### [Problem details]
From the line that includes "安全員考試通關(guān)寶典4" to the closing line of the data, please transcribe every line exactly and add nothing.

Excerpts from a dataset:
------------------------

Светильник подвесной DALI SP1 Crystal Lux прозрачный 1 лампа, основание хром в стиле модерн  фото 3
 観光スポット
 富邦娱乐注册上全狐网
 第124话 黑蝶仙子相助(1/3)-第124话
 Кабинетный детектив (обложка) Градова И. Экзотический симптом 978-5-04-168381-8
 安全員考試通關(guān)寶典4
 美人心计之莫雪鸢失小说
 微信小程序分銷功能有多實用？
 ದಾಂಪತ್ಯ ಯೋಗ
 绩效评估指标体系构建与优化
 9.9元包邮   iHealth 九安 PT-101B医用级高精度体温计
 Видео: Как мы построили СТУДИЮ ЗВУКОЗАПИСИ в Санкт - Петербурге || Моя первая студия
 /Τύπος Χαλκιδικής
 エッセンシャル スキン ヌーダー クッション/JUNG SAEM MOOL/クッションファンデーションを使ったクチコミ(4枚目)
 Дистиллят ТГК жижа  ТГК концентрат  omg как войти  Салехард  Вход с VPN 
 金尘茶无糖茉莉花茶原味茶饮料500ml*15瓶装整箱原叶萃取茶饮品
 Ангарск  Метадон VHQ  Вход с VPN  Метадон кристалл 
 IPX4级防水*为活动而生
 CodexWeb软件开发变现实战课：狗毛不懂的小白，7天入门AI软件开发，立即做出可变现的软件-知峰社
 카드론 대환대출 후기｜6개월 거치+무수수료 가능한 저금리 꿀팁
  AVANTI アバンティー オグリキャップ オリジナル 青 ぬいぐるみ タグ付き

------------------------

### [Completed task]
 安全員考試通關(guān)寶典4
 美人心计之莫雪鸢失小说
 微信小程序分銷功能有多實用？
 ದಾಂಪತ್ಯ ಯೋಗ
 绩效评估指标体系构建与优化
 9.9元包邮   iHealth 九安 PT-101B医用级高精度体温计
 Видео: Как мы построили СТУДИЮ ЗВУКОЗАПИСИ в Санкт - Петербурге || Моя первая студия
 /Τύπος Χαλκιδικής
 エッセンシャル スキン ヌーダー クッション/JUNG SAEM MOOL/クッションファンデーションを使ったクチコミ(4枚目)
 Дистиллят ТГК жижа  ТГК концентрат  omg как войти  Салехард  Вход с VPN 
 金尘茶无糖茉莉花茶原味茶饮料500ml*15瓶装整箱原叶萃取茶饮品
 Ангарск  Метадон VHQ  Вход с VPN  Метадон кристалл 
 IPX4级防水*为活动而生
 CodexWeb软件开发变现实战课：狗毛不懂的小白，7天入门AI软件开发，立即做出可变现的软件-知峰社
 카드론 대환대출 후기｜6개월 거치+무수수료 가능한 저금리 꿀팁
  AVANTI アバンティー オグリキャップ オリジナル 青 ぬいぐるみ タグ付き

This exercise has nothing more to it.